Sourcing Strategies by Tom Russell

Thomas Russell

A look at the industry’s history helps define today’s complex trade issues

February 10, 2017

Reading all the headlines about the threat of tariffs on foreign made goods — China, Mexico or otherwise — got me thinking about what the furniture industry was like before I joined Furniture Today in 2003.

Back then, the industry was undergoing one of the biggest shifts it had experienced since it moved from the Grand Rapids region of Michigan to the South in the early- to mid-20th century. Fast forward to the early 2000s, and China had not only become the largest source for imported furniture, but it was also a factor responsible for the shuttering of many U.S. furniture plants and the loss of thousands of jobs here in the U.S.

Soon enough, Vietnam, Indonesia and even India became competitive forces onto themselves, contributing to the massive trade industry deficit we have seen in recent years. In 2015, for example, the U.S. purchased $23.9 billion in furniture from countries around the world. By comparison, it exported about $2.4 billion in furniture. The trade deficit is a major reason that the Trump administration and Congress are considering issuing either tariffs or border adjustment related taxes that would ultimately boost the cost of imports. If the furniture industry believes it will escape this debate, it should think again.

Before goods started coming into the U.S. from Asia in the 1980s and ’90s, most of what consumers bought was made in the U.S. This included plants in the South, which was the low-cost supplier before Asia. My question is how much and what type of furniture could middle-America afford particularly in the second half of the century, when people started buying more homes, autos and appliances?

Obviously there were lower-, middle- and upper-price segments much like today. But from everything we hear, imports have allowed more and more people to buy much nicer and better quality furniture than ever before. While that quality is still available from U.S. producers of upper-middle to upper-end upholstery and case goods, the furniture is priced outside many people’s reach.

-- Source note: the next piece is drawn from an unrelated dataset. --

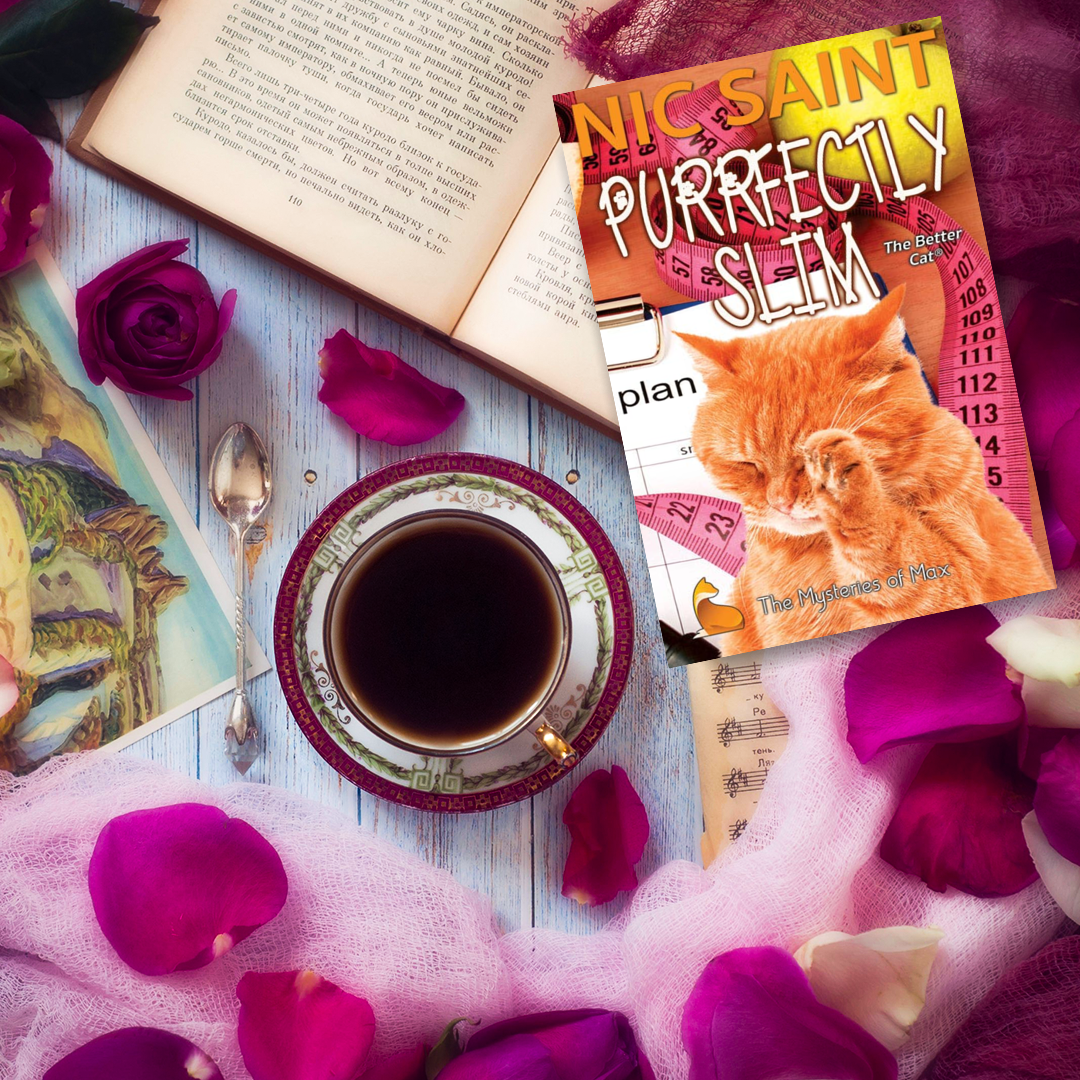 Purrfectly Slim (Paperback)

As a collector of musical instruments, I can see the same is true in that realm. Much like furniture, the quality of guitars, mandolins and other folk instruments coming from places such as China and Indonesia is second to none. Many similar quality U.S.-made instruments would cost two, three or four times the cost of those imports, again putting them outside the reach of many consumers. Not only are the imports excellent quality at a lower price point, some also play and sound better than their U.S.-made counterparts.

None of this is to say that countries like China shouldn’t have consequences for violations of trade laws that sell goods below fair market values. The Chinese-made wooden bedroom antidumping case adequately addressed that issue by investigating and later assigning duties to Chinese wood bedroom producers shipping to the U.S. But instead of stemming the flow of imports, it shifted much of the category to Vietnam, which has even lower labor costs than China.

As the Trump administration is learning, international trade is a complex thing. It’s also a tough thing to unravel given the global nature of the supply chain.

The question is will imposing tariffs — or a border adjustment tax that ultimately taxes imports while eliminating taxes on exports — make things better or simply shift the cost of imports to the consumer? Even worse, will it once again place high quality goods outside the reach of everyone but the extremely wealthy? If that happens at a time when pretty much everyone has gotten used to value-priced goods, some of the protests we are seeing may just be getting started.